----- Listed records
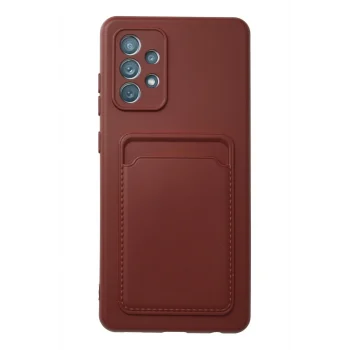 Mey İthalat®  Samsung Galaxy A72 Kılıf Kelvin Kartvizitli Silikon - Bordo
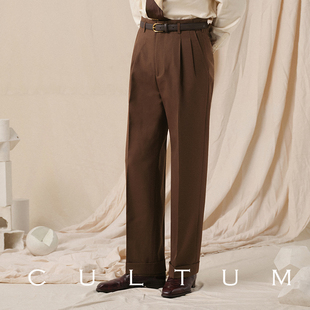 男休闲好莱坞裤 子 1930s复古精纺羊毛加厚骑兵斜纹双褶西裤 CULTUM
----------
----- Listed records
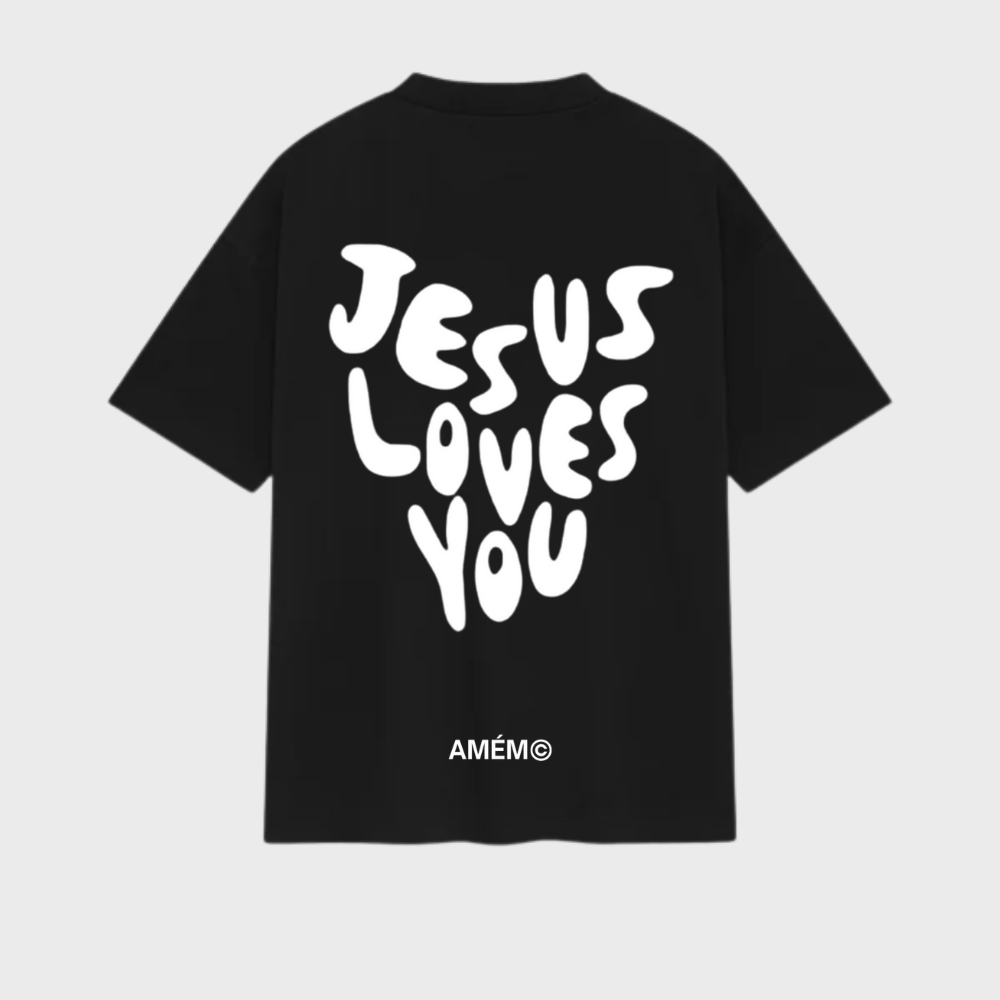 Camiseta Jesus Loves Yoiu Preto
----------
----- Listed records
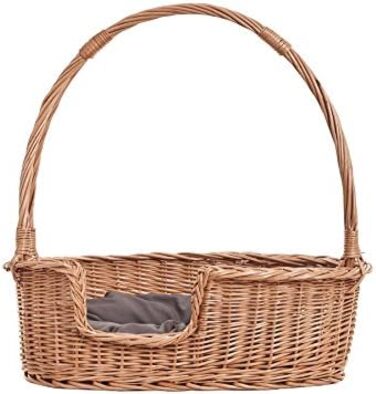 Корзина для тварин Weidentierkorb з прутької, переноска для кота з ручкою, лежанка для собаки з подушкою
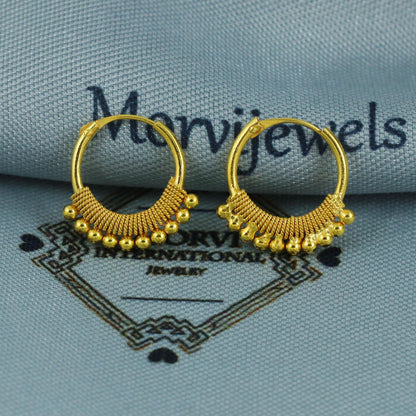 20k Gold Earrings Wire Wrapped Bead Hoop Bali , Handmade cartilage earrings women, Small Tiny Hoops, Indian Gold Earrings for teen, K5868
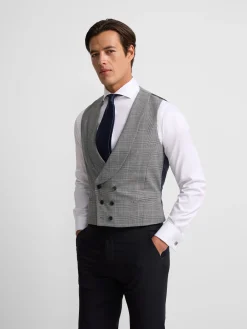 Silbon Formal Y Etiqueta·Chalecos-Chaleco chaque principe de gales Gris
----------
Your assignment: Reproduce the data above exactly, but only from the line containing "Корзина для тварин" through the line containing "Silbon Formal Y"; skip the pictures.

Solution to the exercise:
 Корзина для тварин Weidentierkorb з прутької, переноска для кота з ручкою, лежанка для собаки з подушкою
 20k Gold Earrings Wire Wrapped Bead Hoop Bali , Handmade cartilage earrings women, Small Tiny Hoops, Indian Gold Earrings for teen, K5868
 Silbon Formal Y Etiqueta·Chalecos-Chaleco chaque principe de gales Gris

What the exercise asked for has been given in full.